Albertine
Albertine a 20 ans quand elle tombe raide amoureuse de l’orgue de barbarie.
Depuis, la manivelle ne quitte presque plus ses mains : elle la trimbale de troquet en bar, de marché couvert en terrasse un peu bruyante.
Elle gratte l’amitié des patrons, s’incruste, joue, fait chanter l’rencard de 18 h, puis file ailleurs avant qu’le mousseux chauffe.
Son répertoire picore dans la java, le musette et quelques tubes plus pop qu’on croit ; c’est jamais la meme set-list, elle improvise beaucoup.
Entre deux tournées, elle retape ses cartons, colle des gommettes dessus — question d’humeur paraît-il.
Pas d’sono, pas d’pedalier : juste sa voix claire qui accroche l’oreille, et l’odeur de bois ciré de l’instrument.

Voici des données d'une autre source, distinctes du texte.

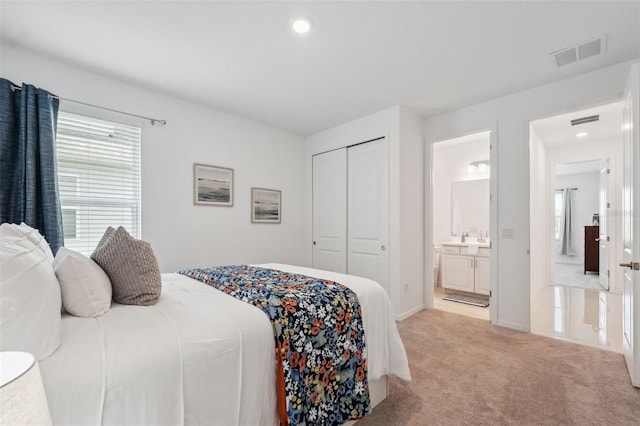 33466 Landsman Loop, Wesley Chapel, FL 33543 - carpeted bedroom featuring a closet, recessed lighting, and ensuite bathroom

Elle dit souvent qu’ « une vraie chanson tient sans électricité », et ses habitués hochent la tête, verre levé.
On la retrouve un lundi à Chaumont, le vendredi à Langres, parfois au fond d’un bistrot qui ferme tard, ou devant un café-librairie qui ouvre tôt.
Demain ? elle sait pas trop… tant que la rue et les zincs veulent d’elle, elle tournera, promis.